Colaboraciones

 

Sobre la virtud de la esperanza

 

 

 

12 mayo, 2024 | Javier Úbeda Ibáñez


 

 

 

 

Para Juan Pablo II, la virtud teologal de la esperanza «por una parte, mueve al cristiano a no perder de vista la meta final que da sentido y valor a su entera existencia y, por otra, le ofrece motivaciones sólidas y profundas para el esfuerzo cotidiano en la transformación de la realidad para hacerla conforme al proyecto de Dios» (carta apostólica Tertio millennio adveniente, 46, 10-XI-1994).
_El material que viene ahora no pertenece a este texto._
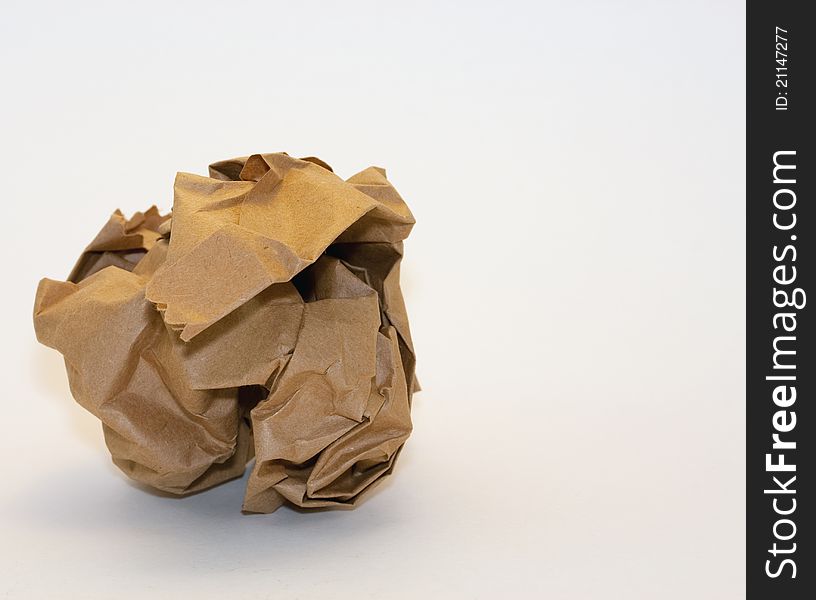 A crumpled piece of brown wrapping paper on a white background with copyspace. A crumpled piece of brown wrapping paper on a white background with copyspace.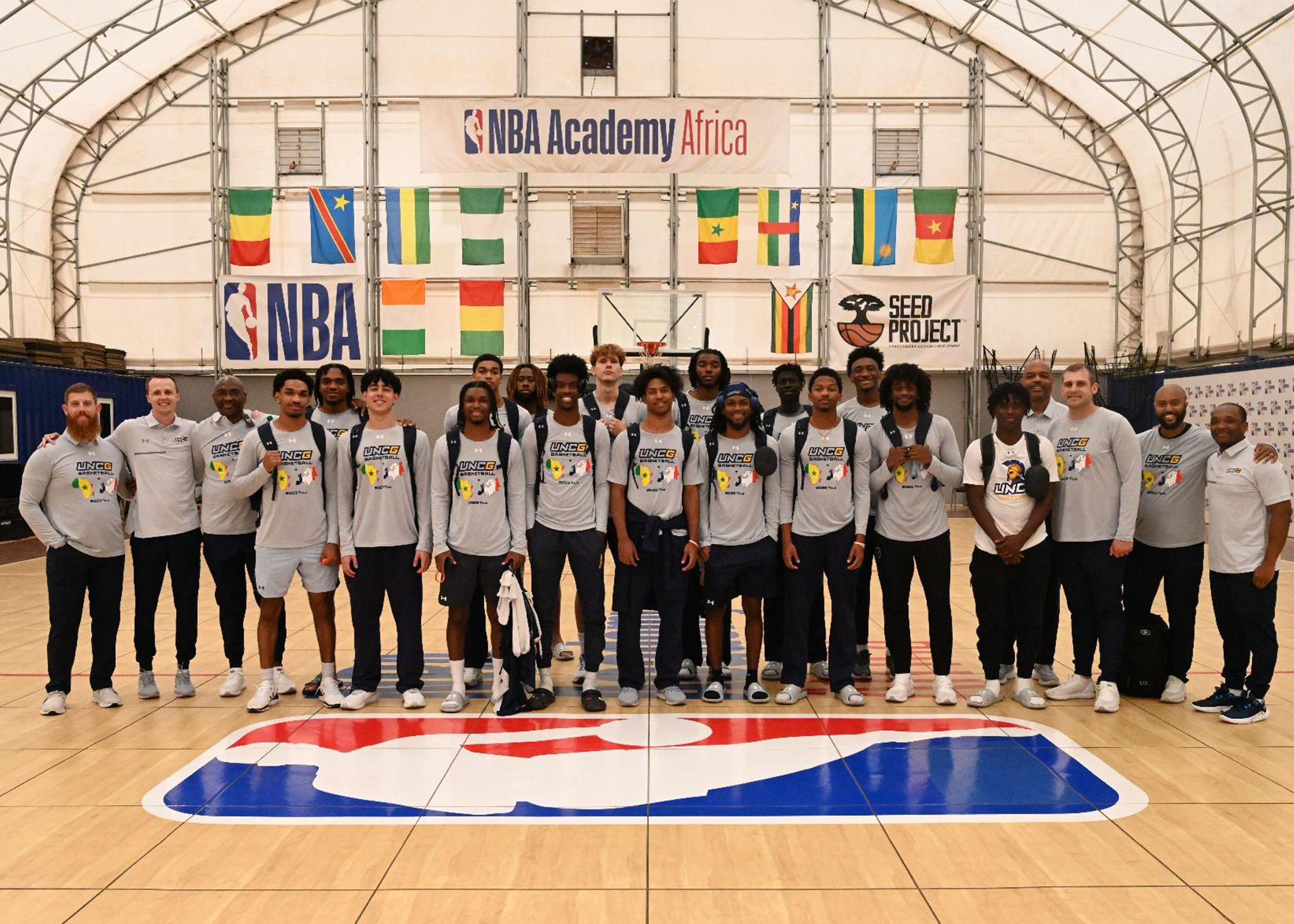 UNCG Men's Basketball team poses together in an arena with international flags and NBA Academy Africa sign behind them.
San Pablo subraya el vínculo íntimo y profundo que existe entre el don del Espíritu Santo y la virtud de la esperanza. «La esperanza —dice en la carta a los Romanos— no defrauda, porque el amor de Dios ha sido derramado en nuestros corazones por el Espíritu Santo que nos ha sido dado» (Rm 5, 5). Sí; precisamente el don del Espíritu Santo, al colmar nuestro corazón del amor de Dios y al hacernos hijos del Padre en Jesucristo (cf. Ga 4, 6), suscita en nosotros la esperanza segura de que nada «podrá separarnos del amor de Dios manifestado en Cristo Jesús Señor nuestro» (Rm 8, 39).
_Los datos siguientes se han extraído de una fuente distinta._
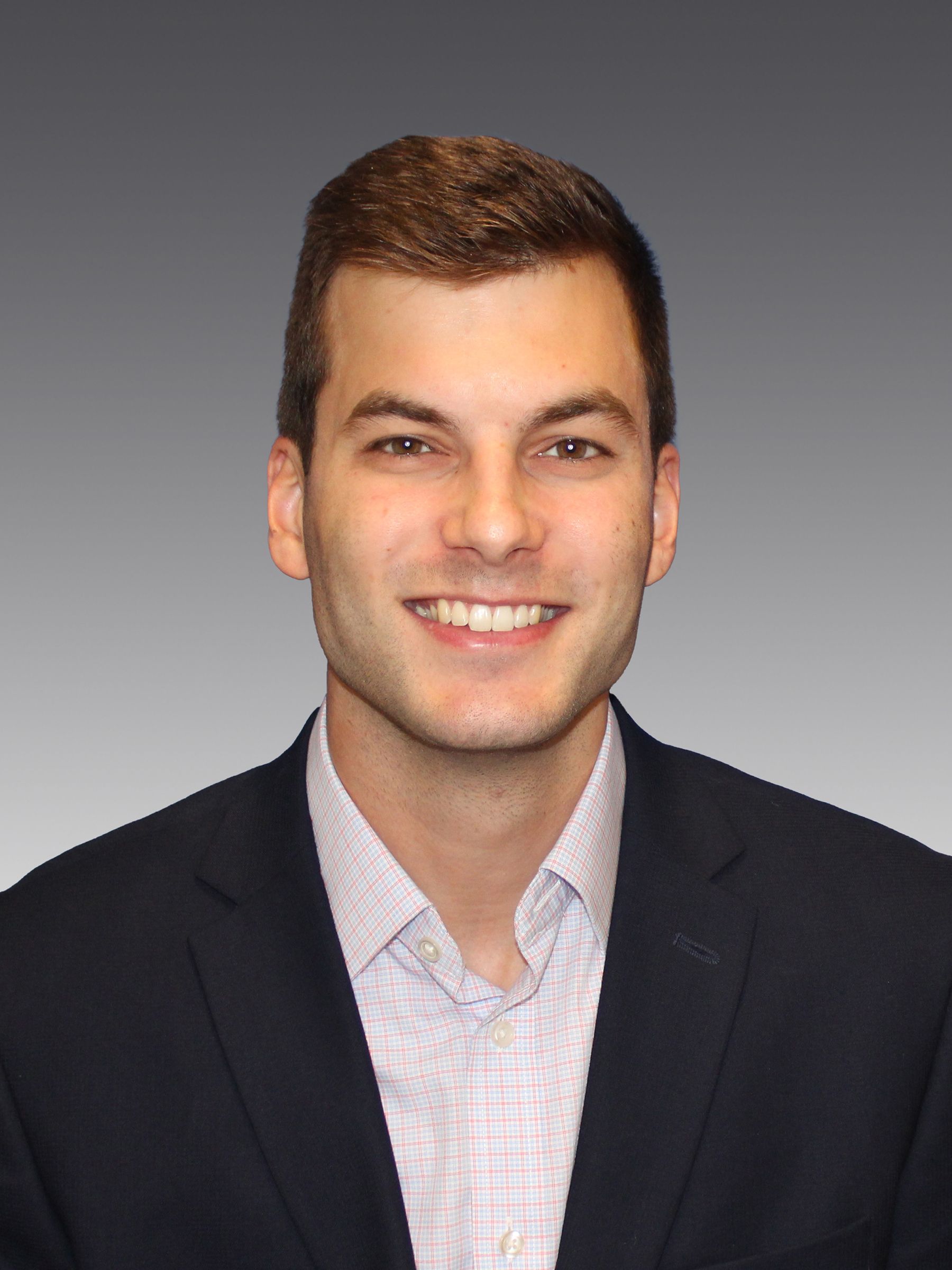 A man in a suit and white shirt is smiling for the camera.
El Espíritu Santo —dice san Pablo en la carta a Tito— ha sido derramado «sobre nosotros con largueza por medio de Jesucristo nuestro Salvador, para que, justificados por su gracia, fuésemos constituidos herederos, en esperanza, de vida eterna» (Tt 3, 6-7).

La doctrina de la Iglesia concibe la esperanza como una de las tres virtudes teologales, que Dios derrama por medio del Espíritu Santo en el corazón de los creyentes. Es la virtud «por la que aspiramos al reino de los cielos y a la vida eterna como felicidad nuestra, poniendo nuestra confianza en las promesas de Cristo y apoyándonos no en nuestras fuerzas, sino en los auxilios de la gracia del Espíritu Santo» (Catecismo de la Iglesia católica, n. 1817).

Por este motivo, el Dios que se nos ha revelado en «la plenitud de los tiempos» en Jesucristo es verdaderamente «el Dios de la esperanza», que llena a los creyentes de alegría y paz, haciéndolos «rebosar de esperanza por la fuerza del Espíritu Santo» (Rm 15, 13). Los cristianos, por tanto, están llamados a ser testigos en el mundo de esta gozosa experiencia, «siempre dispuestos a dar respuesta a todo el que les pida razón de su esperanza» (1 P 3, 15).

La esperanza cristiana lleva a plenitud la esperanza suscitada por Dios en el pueblo de Israel, y que encuentra su origen y su modelo en Abraham, el cual, «esperando contra toda esperanza, creyó y fue hecho padre de muchas naciones» (Rm 4, 18). Ratificada en la alianza establecida por el Señor con su pueblo a través de Moisés, la esperanza de Israel fue reavivada continuamente, a lo largo de los siglos, por la predicación de los profetas. Por último, se concentró en la promesa de la efusión escatológica del Espíritu de Dios sobre el Mesías y sobre todo el pueblo (cf. Is 11, 2; Ez 36, 27; Jl 3, 1-2).

En Jesús se cumple esta promesa. No sólo es el testigo de la esperanza que se abre ante quien se convierte en discípulo suyo. Él mismo es, en su persona y en su obra de salvación, «nuestra esperanza» (1 Tm 1, 1), dado que anuncia y realiza el reino de Dios.